This £300,000 eco-cabin is 60 miles north-west of Inverness, and sits beside the beautiful Black Water, a still, winding river that eventually flows into Loch Garve. If you move there, you’ll be miles from anywhere on the remote Scoraig Peninsula, and absolutely no one will show up trying to sell you PPI. Probably.
This lighthouse in the wilds of Scotland was converted into an amazing apartment in 2013, and it’s up for sale for £371,500. It’s 40 miles from the nearest town, has amazing sea views, and a pod of friendly dolphins as neighbours. What more could you want?
This wee gem of a beach house is £315,000 has three bedrooms and sweeping views of the Coigach peninsula and the nearby Summer Isles. You’ll be hidden away down a long, single-track road, and the nearest train station is Achnasheen, 36.6 miles away. Heaven.
What could be more private than your very own island? Two islands! These two “holms” cost £300,000 and come with a six-bedroom house, and a wind turbine so you’ll be able to generate your own electricity, grow your own food, and be self-sufficient in the event of the complete and total collapse of world society.
Or, if you’ve got a spare £1,590,000 to spare, what about this extensive Highland estate complete with a five-bedroom detached house? Its surrounded by over 9 acres of undulating moorland, and it also comes with two pretty holiday chalets, which you can leave empty if you don’t want pesky tourists invading your personal fortress of solitude.
This dreamy modernist cottage in the Highlands could be yours for £495,000. It’s based on a design by renowned Scottish architect Charles Rennie Macintosh, sits in a 1.53 acre garden surrounded by trees, and your only neighbours are a herd of cows.
The Shetland Islands pretty darn northerly; they’re 200 miles west of Norway. This £350,000 cottage is tucked away at the end of a private track, and sits in a pretty half-acre walled garden. It also comes with a stable, so you could buy a Shetland pony and keep it as a lawn-mowing pet.
This former lighthouse keeper’s station on one of Shetland’s 12 inhabited islands is just £85,000, and sits right beside Hermaness Nature Reserve, so you can spot rare birds from your balcony. It has its own launching spot for sea kayaks too so you can paddle over for a closer look at the wildlife if you fancy it, or visit one of the nearby beaches.
Cleadale is a teeny-tiny hamlet nestled beneath towering cliffs on the Isle of Eigg, famed for its amazing scenery. This bonnie wee cottage costs £230,000, and it’s just four miles from Laig Bay and its famous Singing Sands. You’ll feel like you’re in the most secluded and hard-to-get-to place on Earth.
This fancy £575,000 home beside the Kyle of Lochalsh has views over the wild and rugged Cuillin mountains, a jagged range that rises more than 3,000 feet above sea level. Minke whales and seals pass by Crionach pretty regularly, but they’re probably the only visitors who’ll drop in unannounced.

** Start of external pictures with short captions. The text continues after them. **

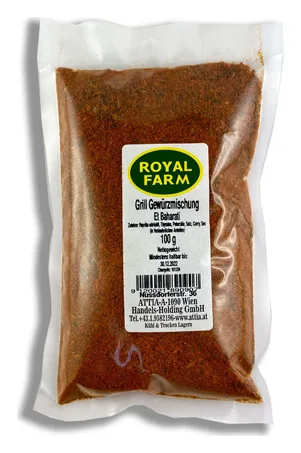 Grill Gewürzzubereitung Royal Farm 100g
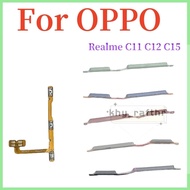 On off Power switch button flex For Realme C12 C15 C11 2020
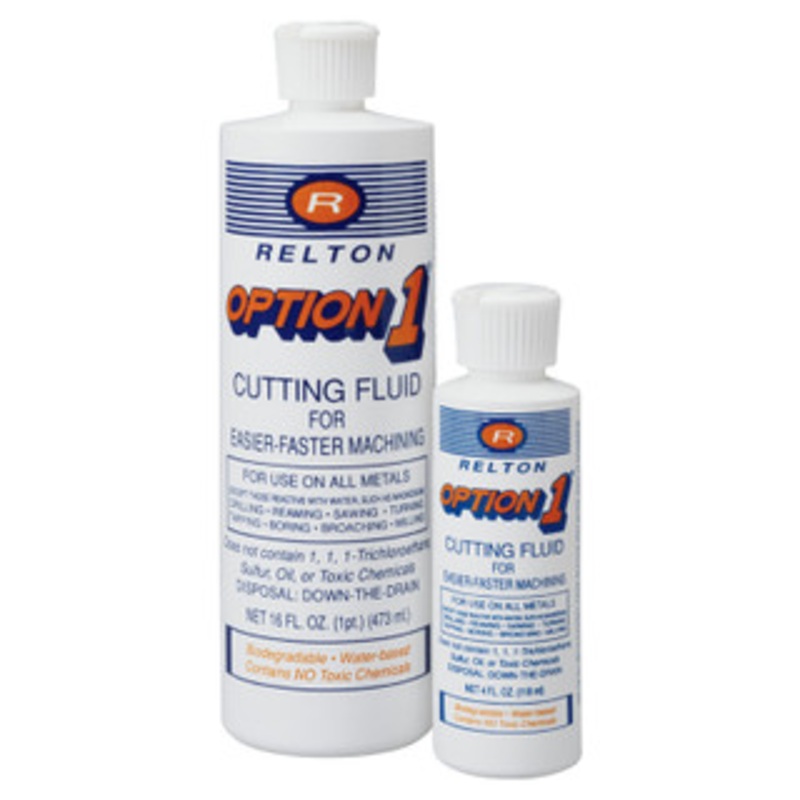 Relton Option 1 Metal Cutting Fluid, 1 Pint – 99-197-6
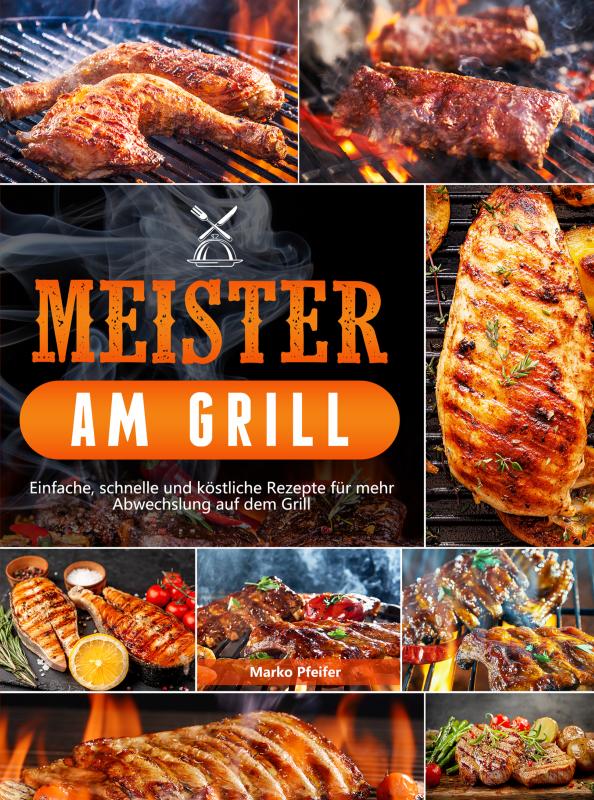 Omslag van Meister am Grill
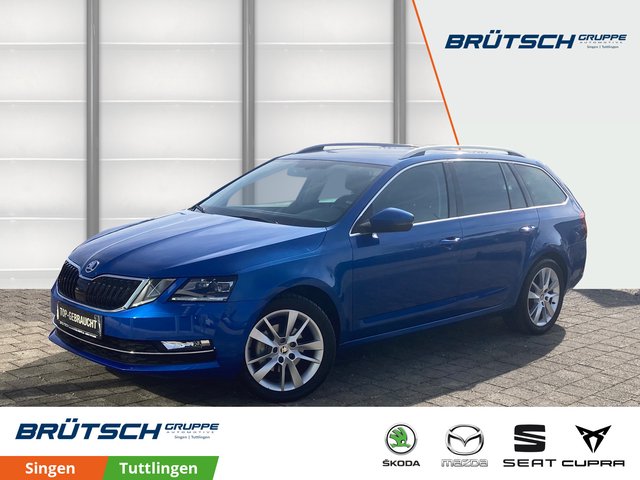 Skoda Octavia Combi 2.0 TDI Premium Edition DSG / LEDER / NAVI / LED - foto 1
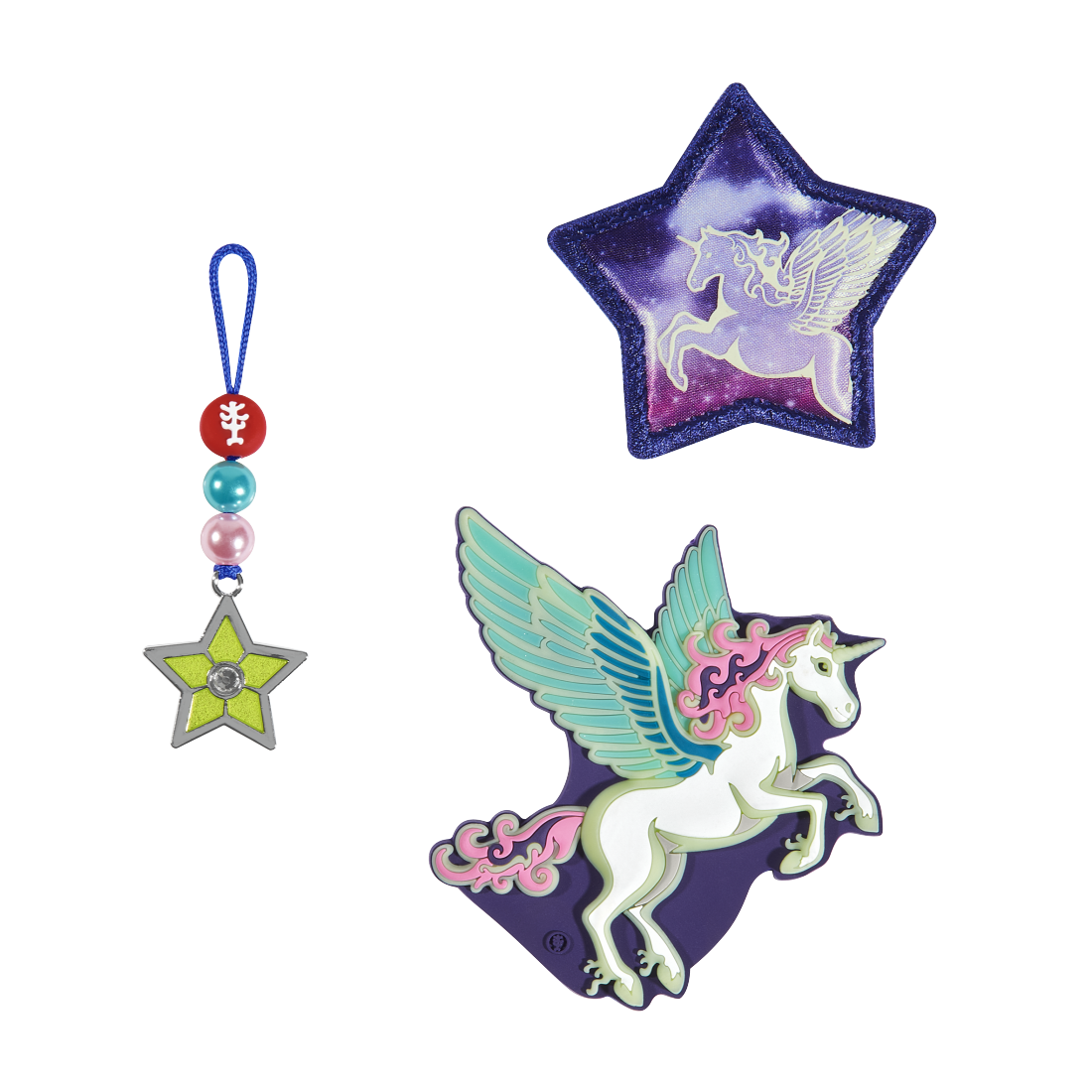 Step by Step Magic Mags Glow Pegasus Night Nuala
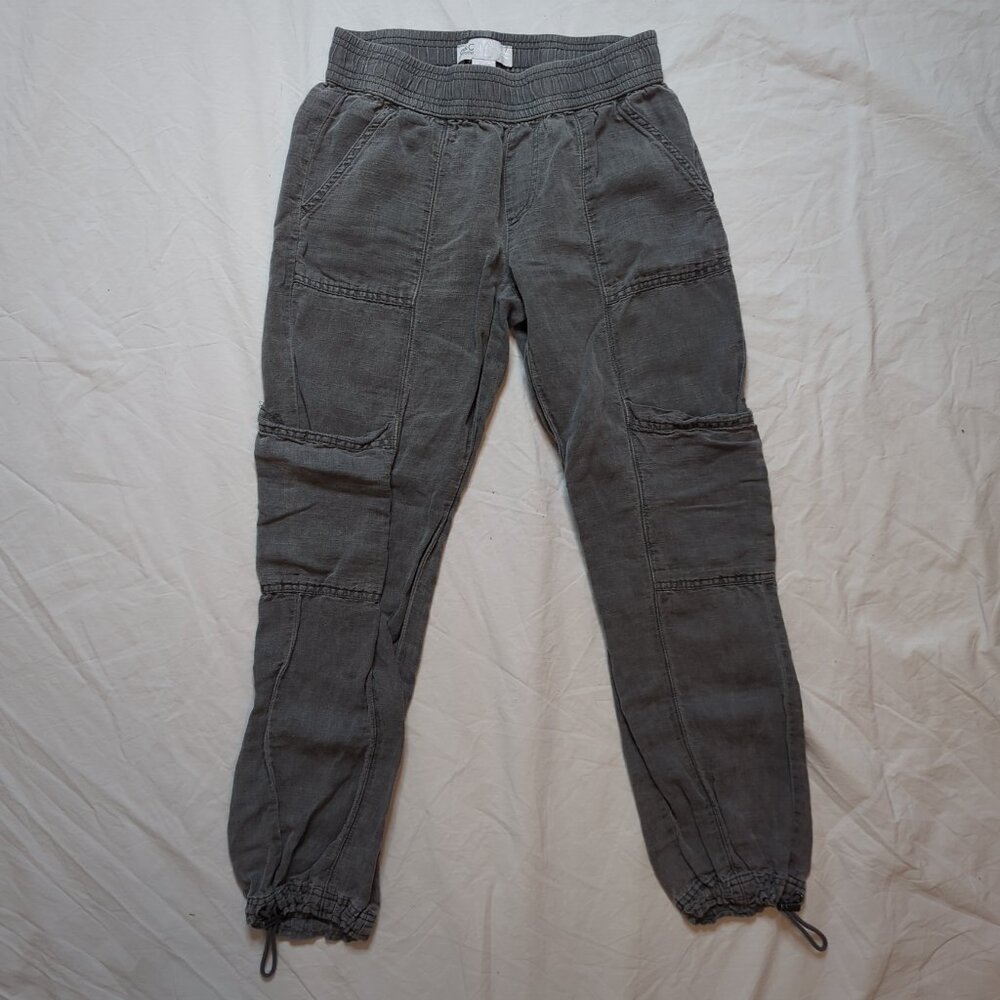 C&C California XS Women's Gray Cargo Joggers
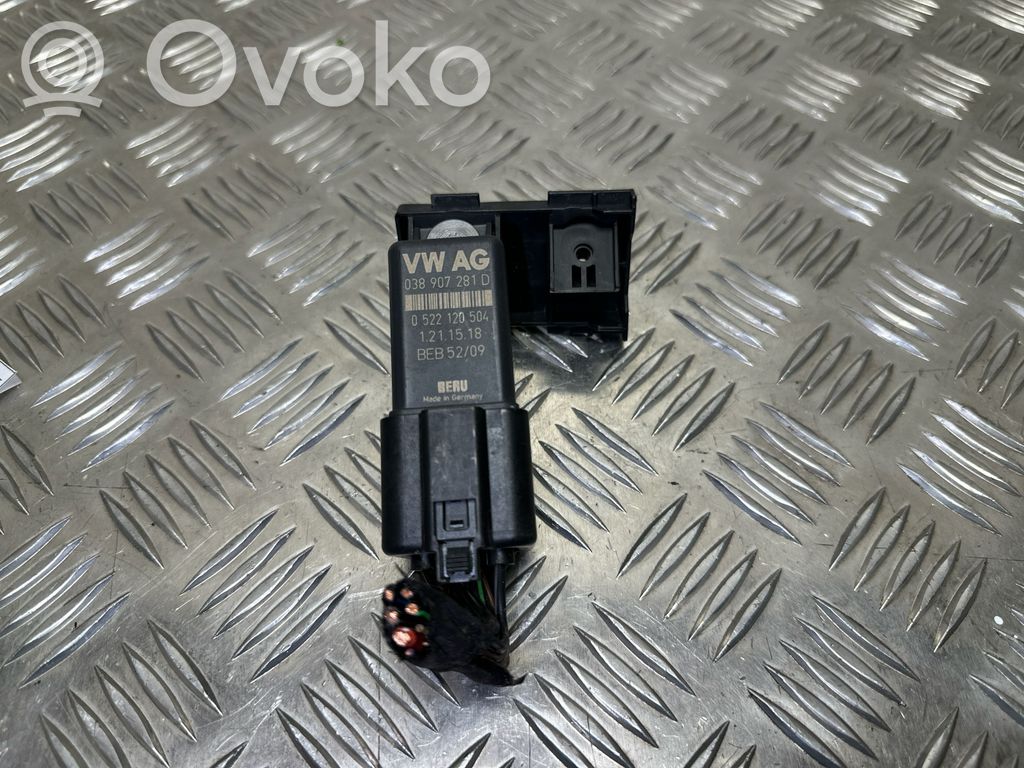Volkswagen Tiguan Przekaźnik / Modul układu ogrzewania wstępnego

This lovely £285,000 cottage on the Isle of Skye is surrounded by beautiful moorland, deer, sea views, seals, ospreys, and very little else. Oh, and it comes with a traditional Finnish Grillikota thrown in, so you can have barbecues without getting chilly.
“Tigh Na Sith” means “Peaceful cottage” in Gaelic, and you don’t get much more peaceful than this £310,000 three-bedroomed house on the island of Great Bernea, which sits in its own sheltered lagoon on the Isle of Lewis. Oh, and if that didn’t sound tranquil enough, it also has its own infinity pool and sauna. You’ll never need to leave.
This £385,000 detached house has floor-to-ceiling windows so you can really appreciate the view of Loch Sunart, and the lack of other houses (and people) around you. You’ll also be near the Ariundle Oakwood Nature Reserve, an ancient remnant of the Atlantic oak forest which once covered most of the west coast. Those were the days.
This £380,000 stone house looks like it escaped from the South of France, but it’s actually on the shores of Loch Duich in the remote north-west of Scotland. It used to be a hotel, but you won’t want to let other people stay there, so you should definitely convert it into a great big fancy private house instead. And maybe also build a moat.
This nine-bedroom working lighthouse is a bit more spacious than the one in Stoer Head, although you won’t be as up close and personal with the surrounding sea life. It costs £450,000, was built in the early 1900s by a cousin of Robert Louis Stevenson, and the tower is still run by the Northern Lighthouse Board, so you don’t have to change the lightbulb – they’ll take care of that.
This sexy lodge on the shores of Loch Tay is nestled in 500 metres of densely wooded shoreline. It’s a little bit steep at £1,500,000, but it does have a wood-burning stove and a spacious balcony where you can sit sipping whisky, dodging annoying phone calls, and ignoring stressful world events. Bliss.